[Short text fragments from websites]

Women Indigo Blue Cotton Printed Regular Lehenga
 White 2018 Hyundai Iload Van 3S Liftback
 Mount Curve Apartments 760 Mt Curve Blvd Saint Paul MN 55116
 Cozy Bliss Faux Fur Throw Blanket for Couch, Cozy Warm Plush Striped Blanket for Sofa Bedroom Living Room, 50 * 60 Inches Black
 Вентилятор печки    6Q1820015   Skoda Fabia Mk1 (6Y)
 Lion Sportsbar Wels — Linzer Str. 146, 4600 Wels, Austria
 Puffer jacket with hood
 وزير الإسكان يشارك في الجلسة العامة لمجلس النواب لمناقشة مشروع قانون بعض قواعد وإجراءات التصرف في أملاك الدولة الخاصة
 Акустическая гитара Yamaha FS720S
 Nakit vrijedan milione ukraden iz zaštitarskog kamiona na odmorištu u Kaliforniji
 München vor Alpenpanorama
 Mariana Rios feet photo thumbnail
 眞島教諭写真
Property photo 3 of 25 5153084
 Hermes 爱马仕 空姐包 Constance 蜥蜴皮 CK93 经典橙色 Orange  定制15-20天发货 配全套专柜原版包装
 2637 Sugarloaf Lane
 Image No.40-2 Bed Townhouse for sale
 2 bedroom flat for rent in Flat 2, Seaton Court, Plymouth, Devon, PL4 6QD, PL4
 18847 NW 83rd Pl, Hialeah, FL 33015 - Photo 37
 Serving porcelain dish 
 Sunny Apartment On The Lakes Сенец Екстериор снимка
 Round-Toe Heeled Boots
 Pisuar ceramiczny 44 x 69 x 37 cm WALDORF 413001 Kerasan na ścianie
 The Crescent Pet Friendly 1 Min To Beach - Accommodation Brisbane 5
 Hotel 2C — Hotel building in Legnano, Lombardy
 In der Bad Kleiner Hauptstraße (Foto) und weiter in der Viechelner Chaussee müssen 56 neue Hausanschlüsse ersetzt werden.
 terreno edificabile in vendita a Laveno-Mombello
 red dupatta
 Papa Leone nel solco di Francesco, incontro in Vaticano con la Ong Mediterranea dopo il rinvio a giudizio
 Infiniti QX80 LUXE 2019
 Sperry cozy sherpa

__What the task requires__.
Retype the entries above exactly, but only from the line containing "Fabia Mk1 (6Y)" through the line containing "Pisuar ceramiczny 44", both included.

__Solution to this problem__.
 Вентилятор печки    6Q1820015   Skoda Fabia Mk1 (6Y)
 Lion Sportsbar Wels — Linzer Str. 146, 4600 Wels, Austria
 Puffer jacket with hood
 وزير الإسكان يشارك في الجلسة العامة لمجلس النواب لمناقشة مشروع قانون بعض قواعد وإجراءات التصرف في أملاك الدولة الخاصة
 Акустическая гитара Yamaha FS720S
 Nakit vrijedan milione ukraden iz zaštitarskog kamiona na odmorištu u Kaliforniji
 München vor Alpenpanorama
 Mariana Rios feet photo thumbnail
 眞島教諭写真
Property photo 3 of 25 5153084
 Hermes 爱马仕 空姐包 Constance 蜥蜴皮 CK93 经典橙色 Orange  定制15-20天发货 配全套专柜原版包装
 2637 Sugarloaf Lane
 Image No.40-2 Bed Townhouse for sale
 2 bedroom flat for rent in Flat 2, Seaton Court, Plymouth, Devon, PL4 6QD, PL4
 18847 NW 83rd Pl, Hialeah, FL 33015 - Photo 37
 Serving porcelain dish 
 Sunny Apartment On The Lakes Сенец Екстериор снимка
 Round-Toe Heeled Boots
 Pisuar ceramiczny 44 x 69 x 37 cm WALDORF 413001 Kerasan na ścianie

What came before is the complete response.